Work to complete » Return an exact copy of the lines from the one holding "SUSSURRI E PAROLE DI UNA PACE SOTTRATTA" to the end of the data, including both the starting and final lines. Leave the pictures out.

(Short descriptive text snippets)

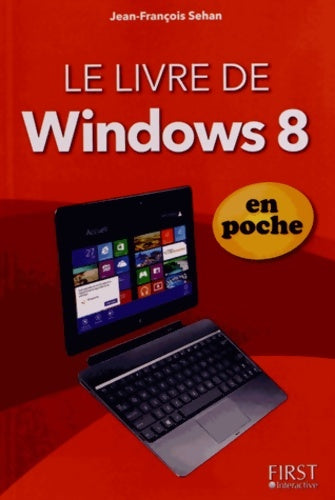 Livrenpoche : Le livre de Windows 8 en poche - Jean-François Sehan - Livre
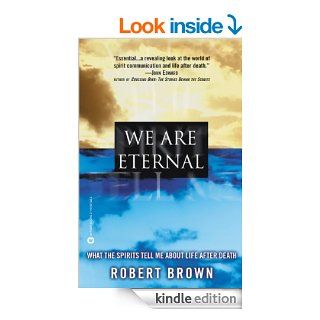 We Are Eternal What the Spirits Tell Me about Life After Death eBook Robert Brown Kindle Store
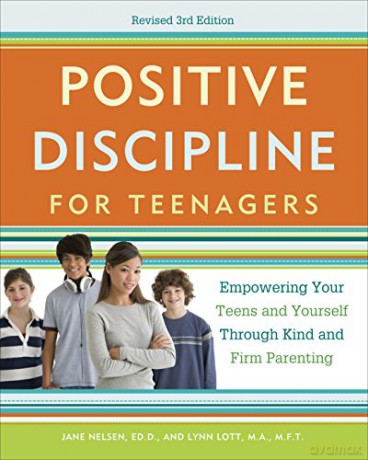 Positive Discipline for Teenagers, Revised 3rd Edition: Empowering Your Teens and Yourself Through Kind and Firm Parenting - Jane Nelsen [KSIĄŻKA]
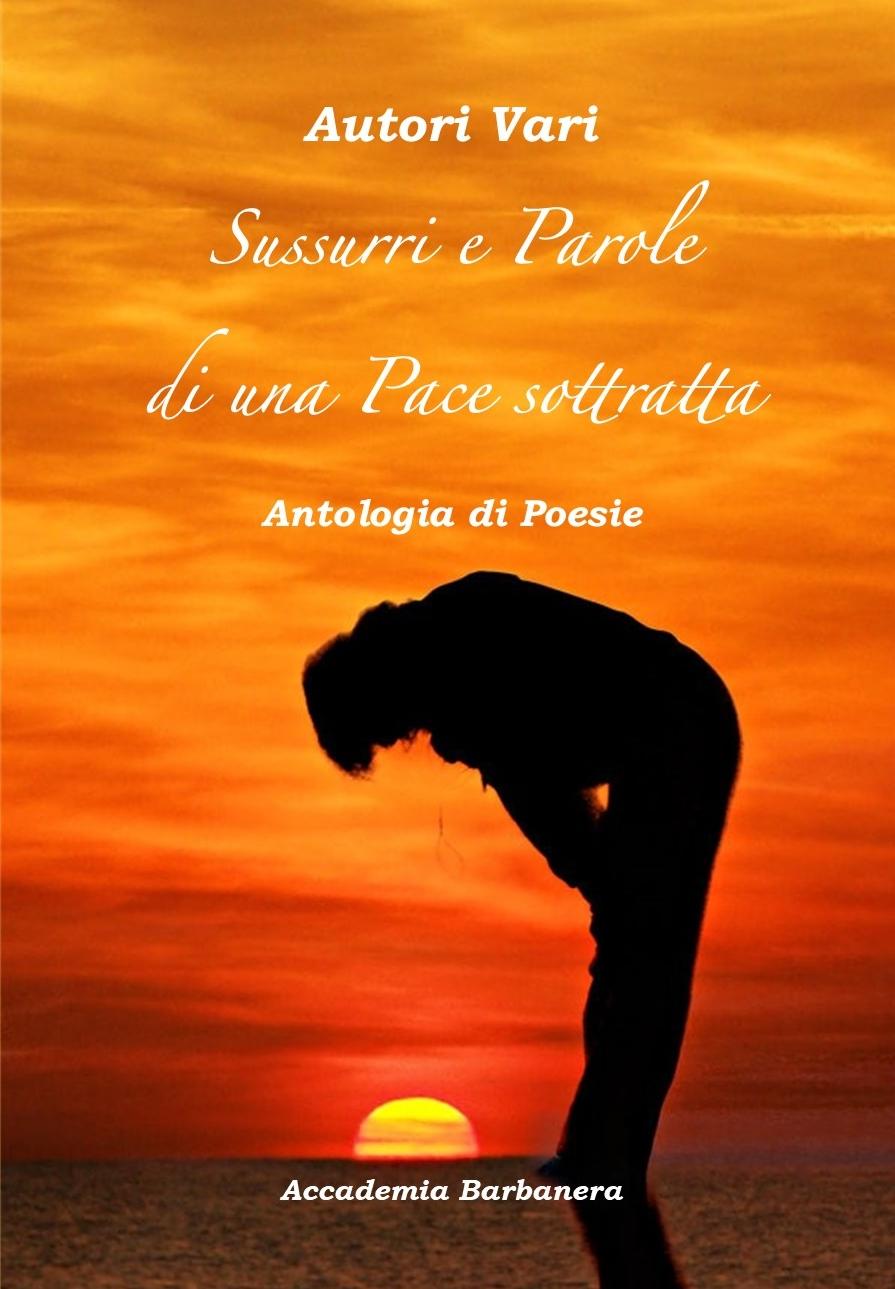 SUSSURRI E PAROLE DI UNA PACE SOTTRATTA
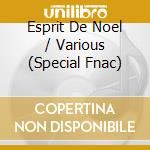 Esprit De Noel / Various (Special Fnac) cd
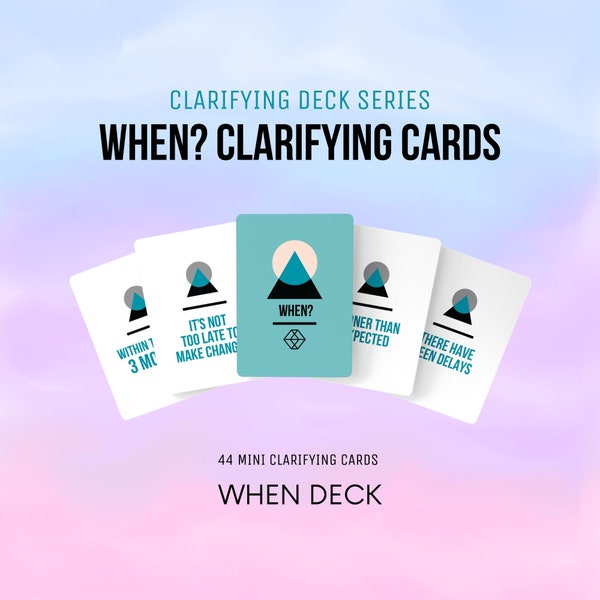 When? Clarifying Tarot/ Oracle Cards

Expected answer »
 SUSSURRI E PAROLE DI UNA PACE SOTTRATTA
 Esprit De Noel / Various (Special Fnac) cd
 When? Clarifying Tarot/ Oracle Cards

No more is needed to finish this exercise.